How we frame

Lauren Rankin wrote about abortion rights as a “not just women” issue at Truthout in July 2013.

The subhead, by Rankin or an editor, puts it this way:

The “War on Women” isn’t just a war on women. Trans men and gender-non-conforming people are losing their rights too, and we need to rework how we frame these “women’s issues.”

The war on women is in fact just a war on women; that’s merely tautological. Saying there’s a war on women isn’t saying there is no war on anyone else. Saying there’s a war on women isn’t saying there is no war on trans men and gender-nonconforming people. I think when people start telling us we should rework how we frame women’s issues, with women’s issues in scare quotes…we need to be skeptical.

Trans people have their own issues. I don’t see why we need to stop talking about women in order to talk about trans issues. I don’t see why we can’t do both.

The last month has been particularly brutal for abortion rights activists and women’s health advocates, as state after state has proposed and/or passed various bills that restrict abortion access and undermine abortion care. In response, there has been a re-energized reproductive rights movement, with many across the nation stating that they “Stand With Texas Women” or “Stand With North Carolina Women.” But in this response, abortion rights activists have overlooked and dismissed a very important reality: Not everyone who has an abortion is a woman.
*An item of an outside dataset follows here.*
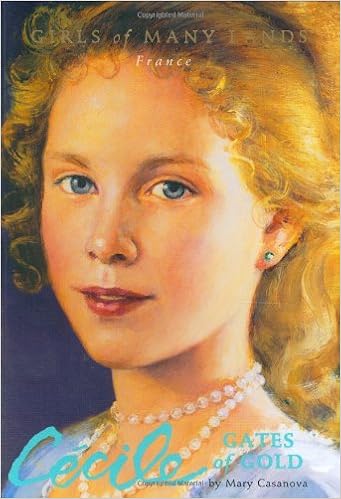 Cecile: Gates Of Gold (Girls Of Many Lands) (9781584855187)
But everyone who has an abortion does have a female reproductive system. The trans men and gender nonconformists who need abortions are oppressed by misogyny and sexism and the system that controls female reproductive systems in exactly the way that women are, and for the same reasons. They didn’t ask to have that reproductive system, but then neither did anyone else. The social arrangements that demand the right to control those systems really don’t give a fuck how anyone identifies, they just want to maintain their lock on the baby factories.

Abortion is so often framed as a women’s issue by both those who advocate for abortion rights and those who seek to dismiss abortion as frivolous. And for abortion rights, a movement that took root in the late 1960s and early 1970s, this makes sense. Prior to a deeper understanding and problematizing of gender and the way that it works, in our social construction, only women had abortions because only women could get pregnant. But in 2013, we should know better, and we need to do better.

But it isn’t better. Trans men are harmed by misogyny too. It doesn’t help them to try to obscure the fact that attacks on abortion rights are highly political in a particular way – a sexist way, a misogynist way, an anti-women way. A trans man who needs an abortion is caught in a system that was organized to thwart women’s autonomy. If we start to obscure that fact, we start to lose the accumulated energy and power that feminism has painfully worked to gain over the past few decades.